It's a bit before my time, and tape based games never really caught on in the US as far as I'm aware, but I've always been kind of fascinated by storing programs in audio.
There's something bizarrely cool about the idea of taking something designed for an analog medium and using it for something sort of definitionally not analog. It was traditionally cassette tapes, but I saw a YouTube video where some companies distributed games on CDs, and there's something kind of weird and anachronistic about being able to play a ZX Spectrum game off a CD; the program is going from Digital (being written) -> analog (converted to audio signals) -> digital (put on a CD) -> analog (back to audio) -> digital (read by the computer). People can be pretty clever sometimes.
The PS1 used CDs. Many games could be dropped into a cd player, and if you skip the first track (the data track), the rest of the game's music/audio could be played.
It was possible to do the same with some PC games! I have fond memories of listening to the soundtracks of Driver, and Knights and Merchants, on my little stereo.

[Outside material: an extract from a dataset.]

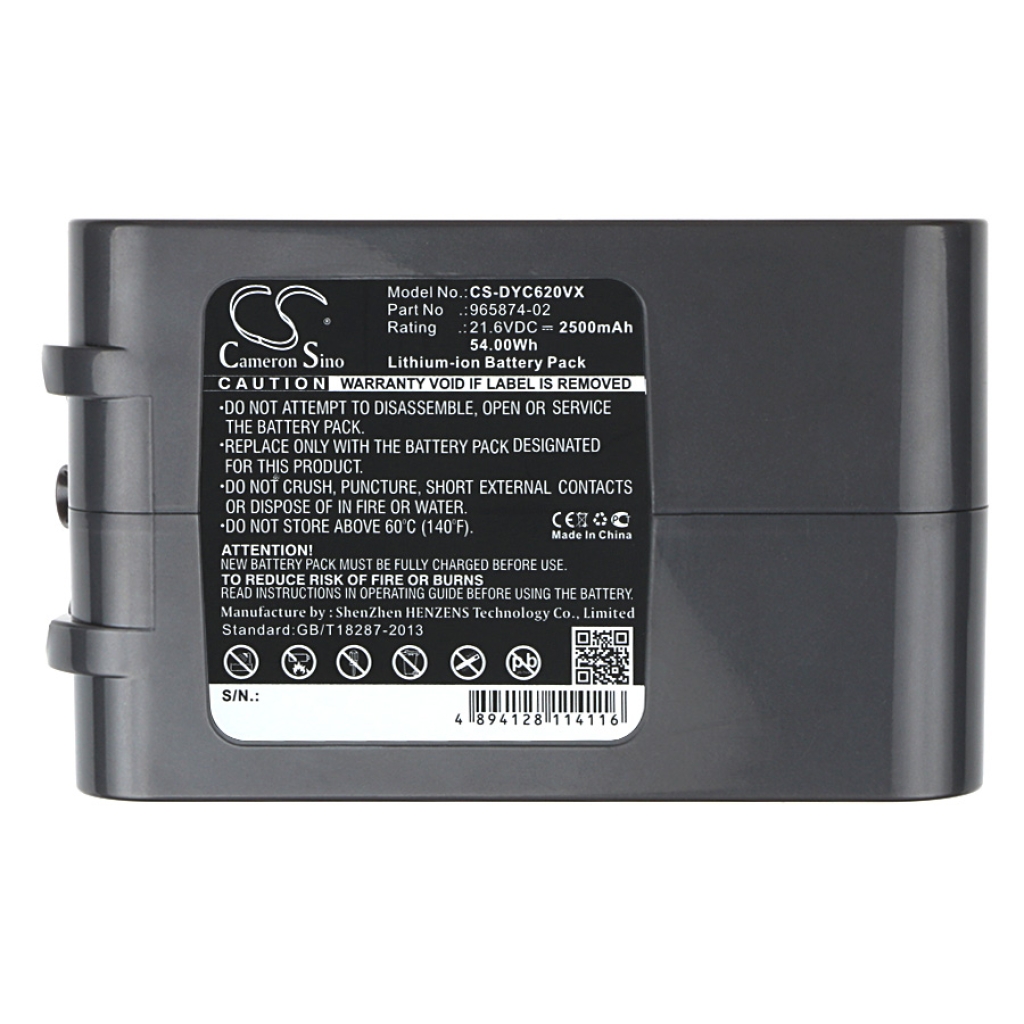 Smart Home Battery Dyson DC61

Yeah, X-Wing vs Tie Fighter had a lot of the popular Star Wars music in redbook audio so it would work fine in a CD player, a fact that I was super excited to find out when I was a kid playing with my action figures.
Cassette tapes for Atari 800XL used just a single channel for data. The other one could have music and you would listen to it during game loading.
Dialup modem did the same thing but with more efficient protocol and error control via a network stack. ADSL also took a step further and used the shielding on copper cables to attain higher (inaudible) frequencies. The tech in some form is still about this is just the granddaddy version :D
ADSL does not depend on shielding of copper. It uses Discrete Multi Tone modulation which modulates many subcarriers to be able to compensate for channel distortion as the characteristics of each phone line are rather different in the frequency domain. This same technology underlies many modern wireless protocols as well.
That might have been my misunderstanding. I had a (PhD) friend doing research for BT in the mid 90s in DSL technology (which hadn't been invented then, it was ISDN only) at Lancaster University UK, and he told me it was using shielding. Perhaps I've got it confused with a competing technology he was looking at at the time.
Yeah, I knew all that actually, but I guess I just associate dialup with the next generation of computers. Fundamentally I know it's a very similar tech to the tape-based game distribution, but for some reason it's categorized differently in my brain.
Both the CD and the ZX Spectrum came out in 1982
If you had a CD playing device at home by 1982, it would be like having an 8K 60" TV today.
Or, as a better match, a high end VR device able to push 4k games to each eye at 120FPS.
Everyone and his grandma used tapes/cassetes until mid 90's.
Yeah, I was about to respond with something like this. I knew that CDs came out in the early 80's, but I still more or less associate them with the 90's; it wasn't expected that you bought a CD for music until then. As a very little kid I had cassettes for my sing-along tunes, by the time 6 or 7 (1997-1998), it feels like pretty much everyone had made the jump to CDs.